A positive GM-CSF autoantibody test confirms the diagnosis of aPAP, and is the preferred method for diagnosis in patients with symptoms and imaging that are compatible with aPAP. Patients with PAP who are found to have a negative GM-CSF autoantibody test are classified into secondary PAP, hereditary PAP, congenital PAP or unclassified PAP. Individuals who have a condition known to cause secondary PAP are diagnosed with secondary PAP. Patients with no known underlying causative conditions should be tested for serum GM-CSF levels and GM-CSF signalling.4

Results that show elevated serum GM-CSF levels and reduced or absent GM-CSF signalling, should prompt further testing for CSF2RA and CSF2RB mutations that identify hereditary PAP.37 If CSF2RA and CSF2RB mutations are absent, but the individual has a histology that is compatible with PAP, individuals are then diagnosed with unclassified PAP.4

If results indicate physiological levels of serum GM-CSF and GM-CSF signalling, tests should be performed for mutations in surfactant-related genes. If positive for these mutations, then individuals are diagnosed with congenital PAP. If negative, and histology is compatible with PAP, they are then diagnosed with unclassified PAP.4 Notably, diagnoses other than aPAP or secondary PAP remain rare.

Management

Some patients with PAP remain asymptomatic and do not require treatment at all. For those who develop progressive disease, treatment is focused on alleviating symptoms, preventing further disease progression, and improving quality of life. Currently, there is no cure for PAP, and specific treatment strategies depend on the underlying disease that is causing the PAP.3 Patients who progress to end-stage respiratory failure, typically due to pulmonary fibrosis, may require lung transplantation.3,38,39

Whole-lung lavage

WLL is considered the current standard of care for treatment of aPAP,40 and has been a cornerstone of PAP therapy since its introduction in the 1960s.12 In addition to aPAP, WLL can be used to treat some causes of secondary PAP, but not congenital PAP.3 WLL is an invasive procedure that requires general anaesthesia. A double-lumen endotracheal tube mechanically ventilates one lung, while the other is repeatedly filled with saline (up to 50 L per lung), to physically clear the surfactant sediment.3 The procedure is typically performed in two separate sessions, with one lung being treated per session.
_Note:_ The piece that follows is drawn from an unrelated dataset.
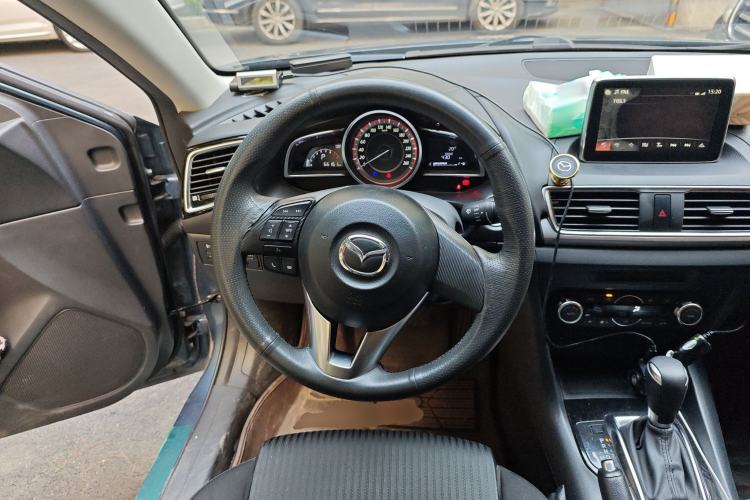 Used Mazda 3 Axela 2016 Sedan 1.5L Automatic Luxury Model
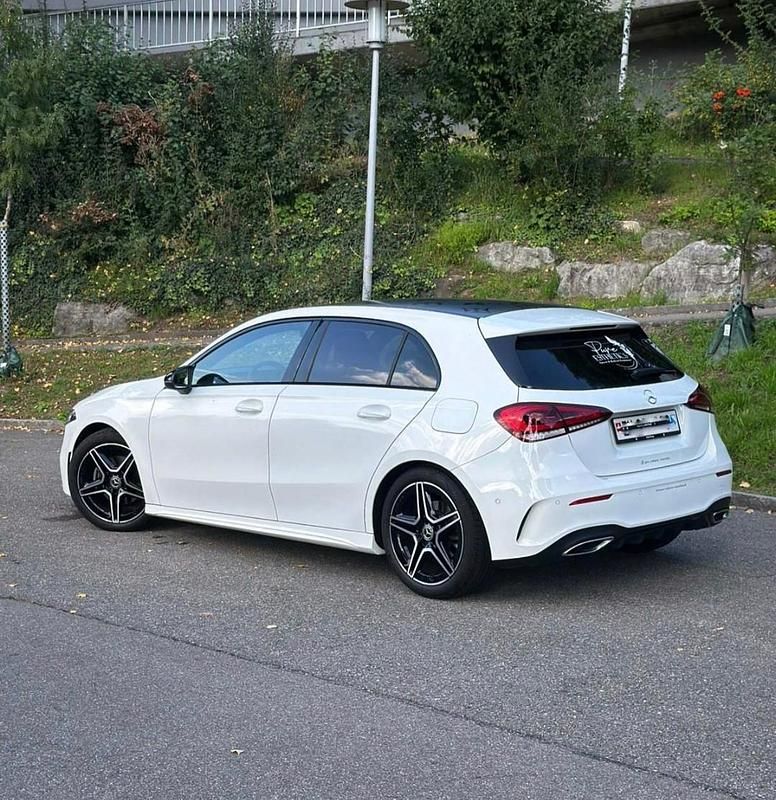 Gebraucht Mercedes A200 AMG line 163 PS (119 kW) 2020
WLL is typically pursued due to worsening respiratory symptoms that affect quality of life, and/or a decline in pulmonary function testing.3,39 Although it is widely used to improve symptoms, radiographic findings and oxygenation in patients,19,41–43 there are no standardized or specific indications for WLL.3,19,39 It remains highly operator-dependent and may involve concomitant thoracic percussion to enhance removal of protein, washing of the contralateral lung during the same procedure, and changing of positions during lavage.40,44,45 No prospective studies or randomized clinical trials have demonstrated the true efficacy of WLL. Retrospective data, however, show an increase in survival with the 5-year actuarial survival rate (standard deviation) from diagnosis being 94% (± 2%) in those who underwent WLL compared with 85% (± 5%) for those who did not undergo WLL.21 Interim results from a phase II trial have also shown that WLL used in combination with inhaled exogenous GM-CSF (described in further detail below) may be more effective than WLL alone.46

Complications of WLL include fever, hypoxemia, wheezing, acute respiratory distress syndrome, pneumonia, pneumothorax, pleural effusion, cardiac arrest, and rarely, death.3,43,47 The differences in technique, however, make it challenging to interpret this data clinically. Mortality may be underestimated, since the majority of data is derived from case reports.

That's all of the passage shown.